What you are asked to do:
Retype each line of the material below word for word; pictures stay out.

The data:
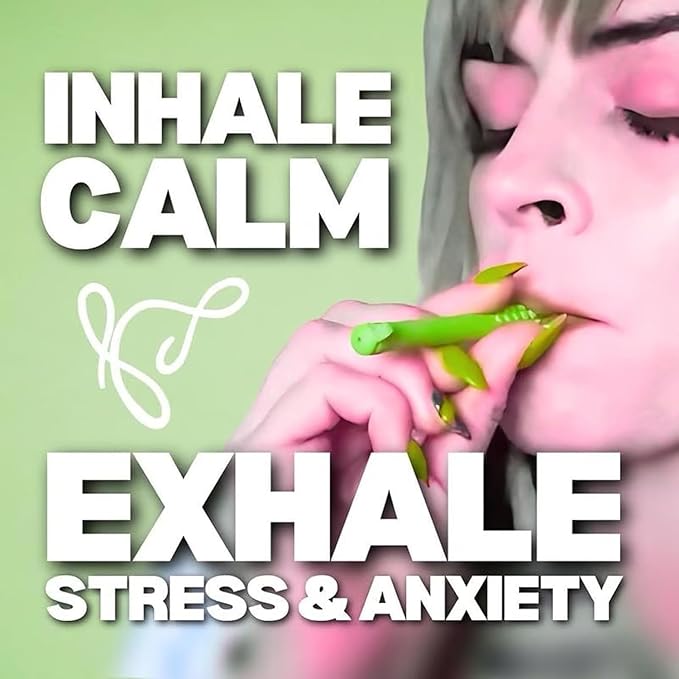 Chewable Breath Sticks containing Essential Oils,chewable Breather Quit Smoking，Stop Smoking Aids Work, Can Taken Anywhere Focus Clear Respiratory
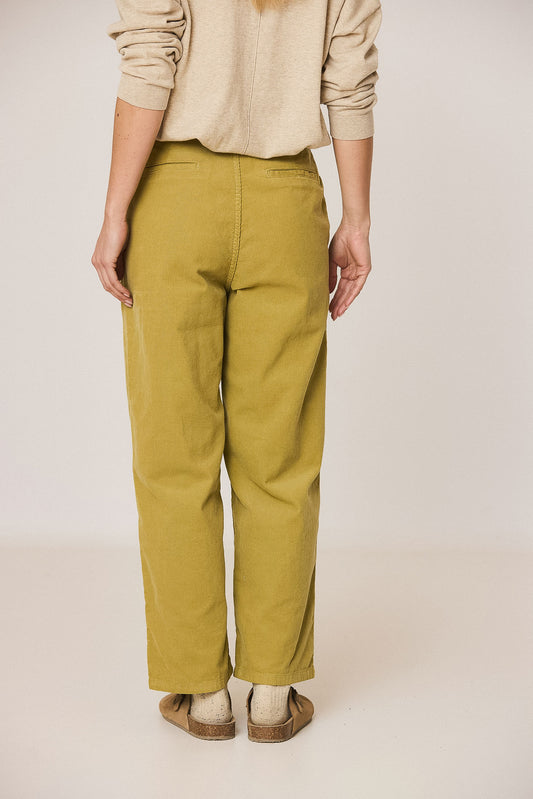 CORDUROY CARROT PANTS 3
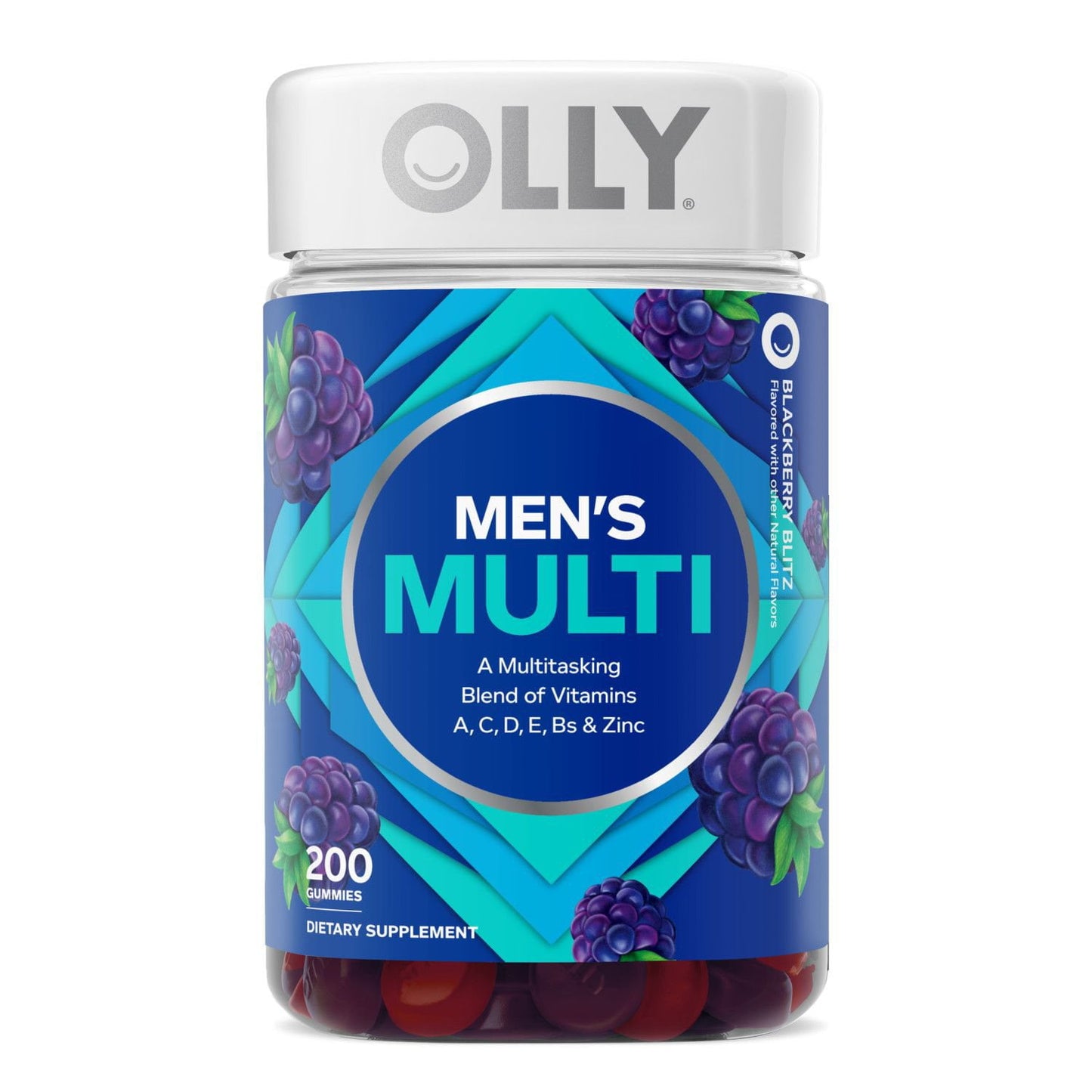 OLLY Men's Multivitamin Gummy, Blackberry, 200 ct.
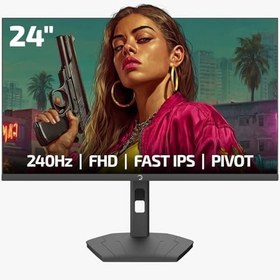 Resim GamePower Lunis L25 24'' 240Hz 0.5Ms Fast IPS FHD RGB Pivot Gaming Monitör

Task response:
 Chewable Breath Sticks containing Essential Oils,chewable Breather Quit Smoking，Stop Smoking Aids Work, Can Taken Anywhere Focus Clear Respiratory
 CORDUROY CARROT PANTS 3
 OLLY Men's Multivitamin Gummy, Blackberry, 200 ct.
 Resim GamePower Lunis L25 24'' 240Hz 0.5Ms Fast IPS FHD RGB Pivot Gaming Monitör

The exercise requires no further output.